Patrick Bateman can tell you how important the title is in the serious corporate hierarchy. Accordingly, the “boss” generator may have been chiseled too much.
This is where various template engine solutions, such as
Jamal or Apache FreeMarker
would come into the picture. But we made it clear at the beginning
that we don’t want any dependencies. So a very primitive word processor was created.
Here, we essentially substitute variables defined in the templateFunction()
method according to the call, which we identify using a simple
regular expression.
In this way, it is possible to define sentence fragments like this:
1,there can be no $growthAtom until we can achieve $addIndefiniteArticleGrowth
This can be solved much more elegantly with dynamic languages, but this is Java, with all its advantages and disadvantages.

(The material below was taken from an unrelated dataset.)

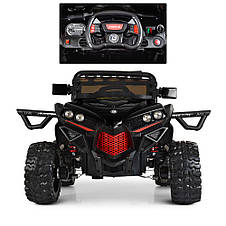 Дитячий електромобіль джип баггі Bambi M 3804EBLR-2-3 (MP3, SD карта, USB, мотори 4x45W, акум.12V10AH), фото 2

There is still an existing problem: template can use a key which refers itself. That is of course circular reference, i.e. an infinite loop, which will result a beautiful StackOverflowError. This is a known issue, and other template engines can produce the same behaviour.
4. Usability changes
The original, static implementation has been changed. Resource file management part has been moved to the CbsgResourceUtil class. Instead of the previous constant access, dictionary definitions started to be stored dynamically in Properties, for which the keys are defined by CbsgDictionaryKey.
The CbsgGenerator class includes the logic for handling incoming arguments and dynamic dictionary loading. There are widely-used argument handling libraries, but we wamt zero-dependencies, so just Java basic features are used. Default values are located in ‘dict/en/dictionary.properties’.
The CbsgCore class contains the essential implementation, which I explained in more detail above.
During development I used var
, Map.of()
and other newer features, but
all of them were removed, because our pre-defined requirements.
Conclusion
The set goal was achieved, a small, simple application was created with zero dependencies and maintaining Java8 compatibility. Dictionaries could be expanded, or even to add a completely different context. Enjoy it, corporate people!